TASK DESCRIPTION —
Please return the whole listing word for word.

MATERIAL TO PROCESS —
↓↓↓
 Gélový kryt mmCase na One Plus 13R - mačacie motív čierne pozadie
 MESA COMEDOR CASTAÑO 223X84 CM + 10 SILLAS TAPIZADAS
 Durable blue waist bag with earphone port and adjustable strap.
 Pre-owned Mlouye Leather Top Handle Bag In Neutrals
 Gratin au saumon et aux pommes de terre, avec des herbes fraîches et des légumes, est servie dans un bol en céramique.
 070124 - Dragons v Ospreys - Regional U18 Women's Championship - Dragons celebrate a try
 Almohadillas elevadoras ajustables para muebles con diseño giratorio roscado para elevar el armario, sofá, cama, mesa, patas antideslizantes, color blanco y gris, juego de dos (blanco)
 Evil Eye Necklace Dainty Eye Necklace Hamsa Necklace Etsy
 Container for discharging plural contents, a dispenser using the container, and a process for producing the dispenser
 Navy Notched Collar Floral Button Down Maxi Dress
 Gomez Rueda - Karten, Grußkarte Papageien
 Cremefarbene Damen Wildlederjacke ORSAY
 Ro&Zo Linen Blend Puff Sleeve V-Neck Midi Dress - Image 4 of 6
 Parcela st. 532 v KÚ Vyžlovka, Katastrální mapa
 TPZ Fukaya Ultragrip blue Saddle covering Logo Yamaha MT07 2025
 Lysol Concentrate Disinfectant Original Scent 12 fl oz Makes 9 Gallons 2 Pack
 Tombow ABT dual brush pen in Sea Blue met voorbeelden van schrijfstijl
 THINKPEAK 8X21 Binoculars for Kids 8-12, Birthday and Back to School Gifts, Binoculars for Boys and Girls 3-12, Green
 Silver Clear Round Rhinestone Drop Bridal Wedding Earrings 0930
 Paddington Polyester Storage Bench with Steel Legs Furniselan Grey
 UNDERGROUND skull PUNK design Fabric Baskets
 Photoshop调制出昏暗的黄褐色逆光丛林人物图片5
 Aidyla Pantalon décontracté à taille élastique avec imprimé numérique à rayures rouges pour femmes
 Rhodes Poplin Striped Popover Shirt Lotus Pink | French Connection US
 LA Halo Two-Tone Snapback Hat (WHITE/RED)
↑↑↑
WRITTEN REPLY —
 Gélový kryt mmCase na One Plus 13R - mačacie motív čierne pozadie
 MESA COMEDOR CASTAÑO 223X84 CM + 10 SILLAS TAPIZADAS
 Durable blue waist bag with earphone port and adjustable strap.
 Pre-owned Mlouye Leather Top Handle Bag In Neutrals
 Gratin au saumon et aux pommes de terre, avec des herbes fraîches et des légumes, est servie dans un bol en céramique.
 070124 - Dragons v Ospreys - Regional U18 Women's Championship - Dragons celebrate a try
 Almohadillas elevadoras ajustables para muebles con diseño giratorio roscado para elevar el armario, sofá, cama, mesa, patas antideslizantes, color blanco y gris, juego de dos (blanco)
 Evil Eye Necklace Dainty Eye Necklace Hamsa Necklace Etsy
 Container for discharging plural contents, a dispenser using the container, and a process for producing the dispenser
 Navy Notched Collar Floral Button Down Maxi Dress
 Gomez Rueda - Karten, Grußkarte Papageien
 Cremefarbene Damen Wildlederjacke ORSAY
 Ro&Zo Linen Blend Puff Sleeve V-Neck Midi Dress - Image 4 of 6
 Parcela st. 532 v KÚ Vyžlovka, Katastrální mapa
 TPZ Fukaya Ultragrip blue Saddle covering Logo Yamaha MT07 2025
 Lysol Concentrate Disinfectant Original Scent 12 fl oz Makes 9 Gallons 2 Pack
 Tombow ABT dual brush pen in Sea Blue met voorbeelden van schrijfstijl
 THINKPEAK 8X21 Binoculars for Kids 8-12, Birthday and Back to School Gifts, Binoculars for Boys and Girls 3-12, Green
 Silver Clear Round Rhinestone Drop Bridal Wedding Earrings 0930
 Paddington Polyester Storage Bench with Steel Legs Furniselan Grey
 UNDERGROUND skull PUNK design Fabric Baskets
 Photoshop调制出昏暗的黄褐色逆光丛林人物图片5
 Aidyla Pantalon décontracté à taille élastique avec imprimé numérique à rayures rouges pour femmes
 Rhodes Poplin Striped Popover Shirt Lotus Pink | French Connection US
 LA Halo Two-Tone Snapback Hat (WHITE/RED)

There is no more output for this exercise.